Cela « augure d’une année 2024 très lourde en termes d’adaptation réglementaire » : « les objectifs très ambitieux du Green deal seront très compliqués à atteindre » et il faudra « plus de pragmatisme pour pouvoir mettre en œuvre ces politiques de manière raisonnable et atteignable pour les agriculteurs ».
Quant à la planification écologique lancée par le gouvernement français, il plaide là aussi pour le pragmatisme : la filière « s’inscrit pleinement dans l’anticipation de l’avenir et dans une vision de planification, maintenant il faut voir ce qu’on met dedans ».
De préciser : « Les aspects de décarbonation, de souveraineté en protéines, de souveraineté énergétique, de transition écologique, d’impact sur la réduction des produits phytosanitaires ne peuvent pas être traités en silo. On souhaite mettre en place avec les pouvoirs publics un contrat de filière qui reprenne ces éléments et, surtout, leur donne de la cohérence et puisse les rendre opérationnels ».

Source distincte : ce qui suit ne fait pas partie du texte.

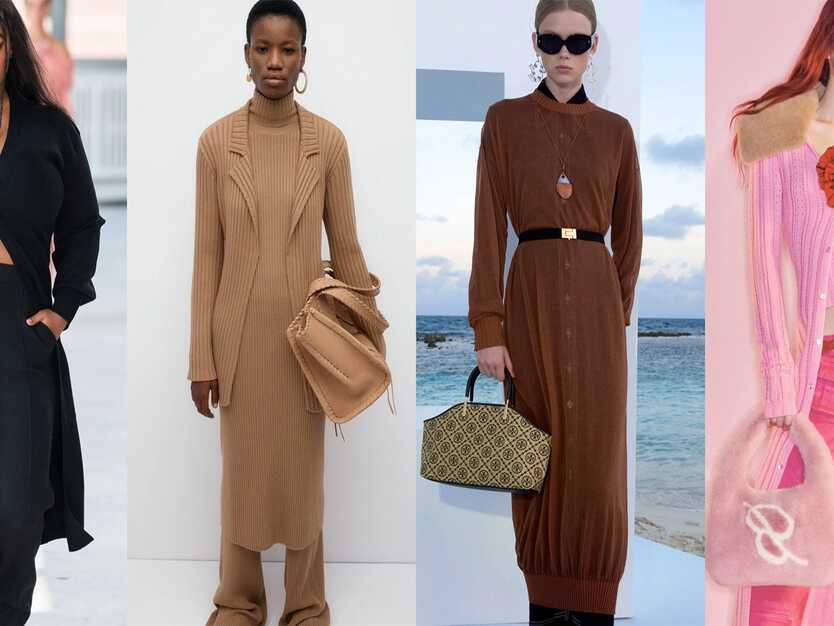 23 Knitted Cardigan Dresses for Fall 2022 | Vogue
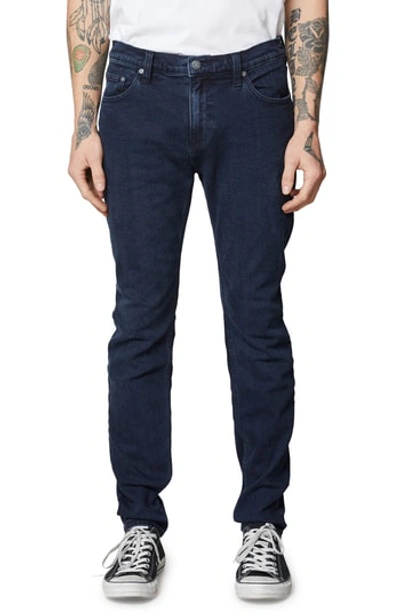 Rolla's Stinger Skinny Fit Jeans In Stone Free Blue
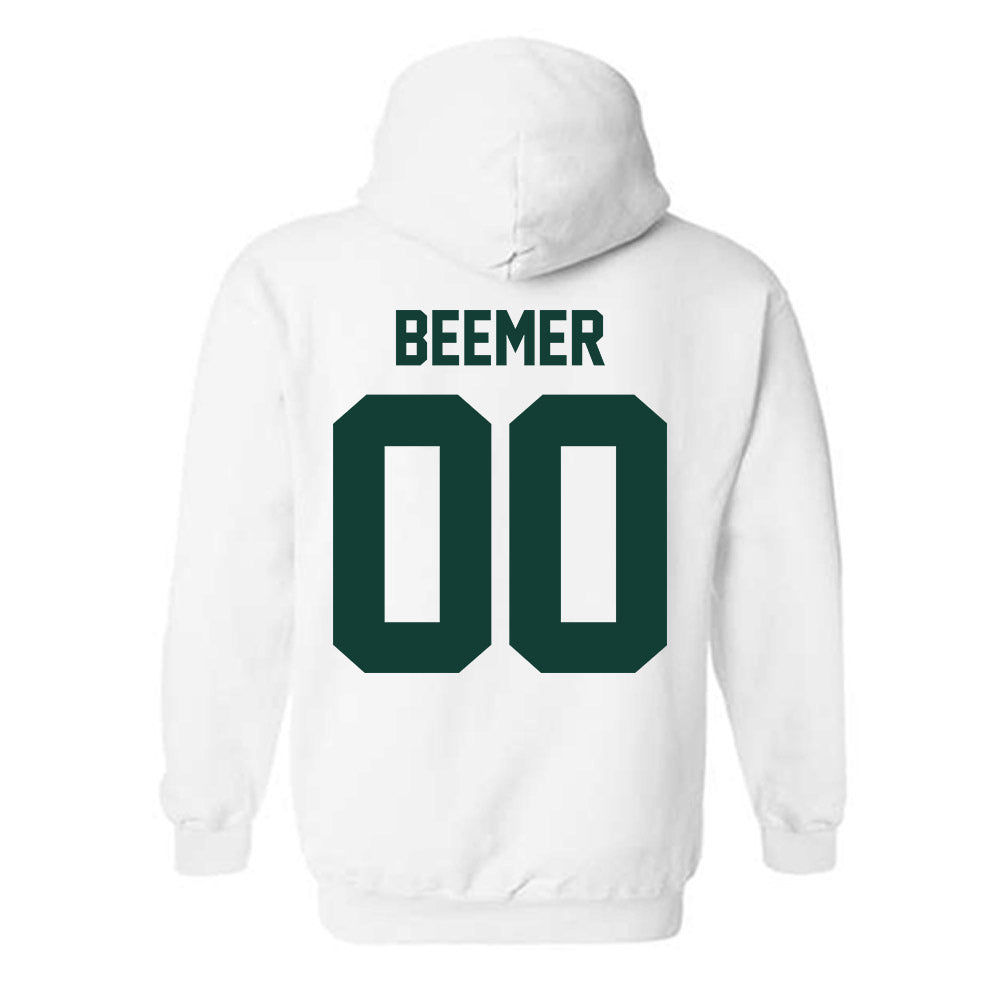 Michigan State - NCAA Baseball : Sam Beemer - Classic Shersey Hooded Sweatshirt-1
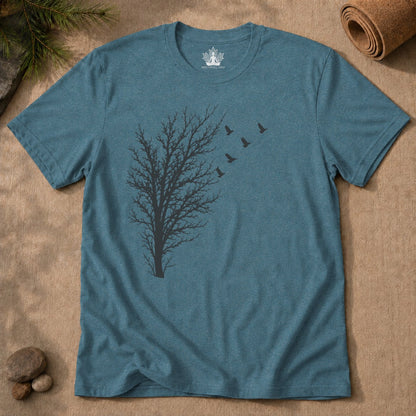 Where the Crows Take Flight Men Tee
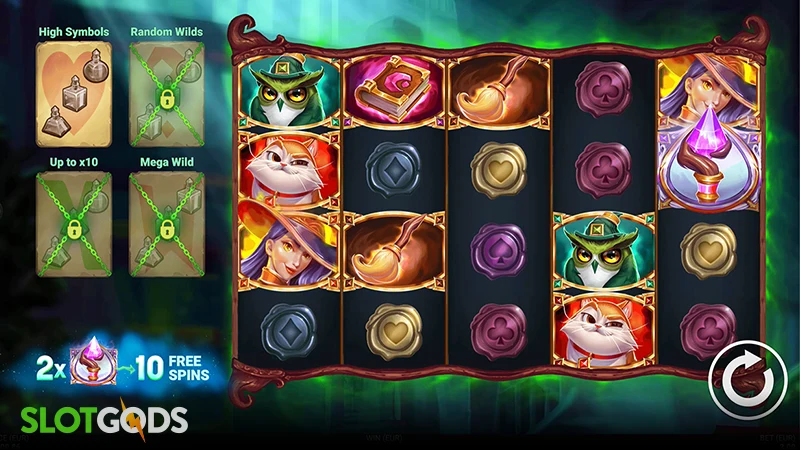 Witch Feature Slot - Screenshot 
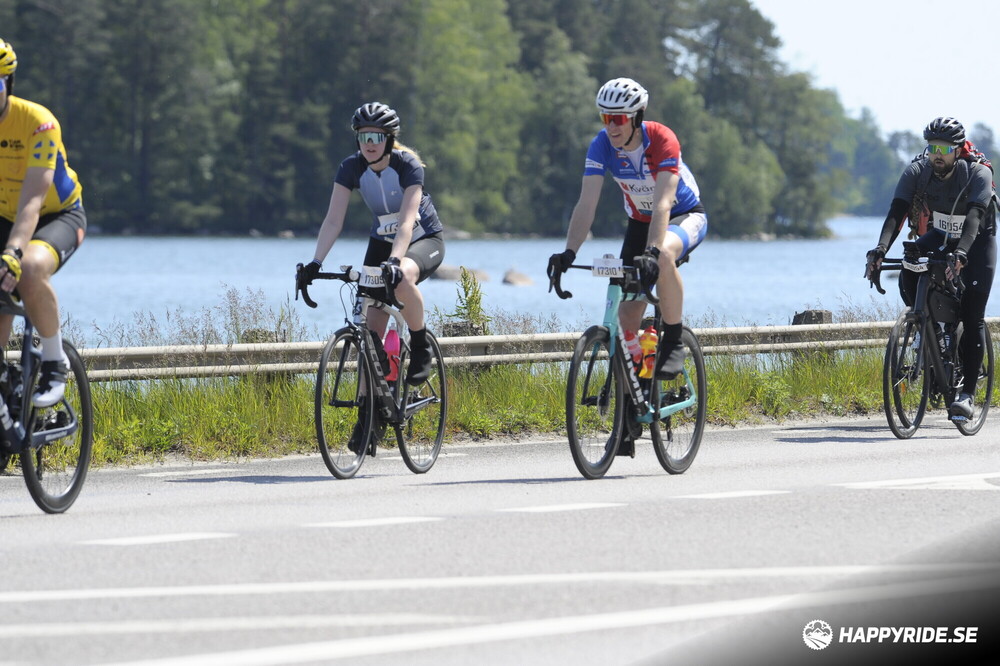 Bild från Vätternrundan 2025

Les rencontres Oléopro se tenaient à Montrouge (92) le 29 novembre. L’occasion pour les quatre piliers de la filière oléoprotéagineuse – la Fop, Terres univia, l’institut technique Terres inovia et le groupe industriel Avril – de réunir ses acteurs et partenaires autour du thème « Europe, international : quels défis pour la filière des huiles et protéines végétales ? ».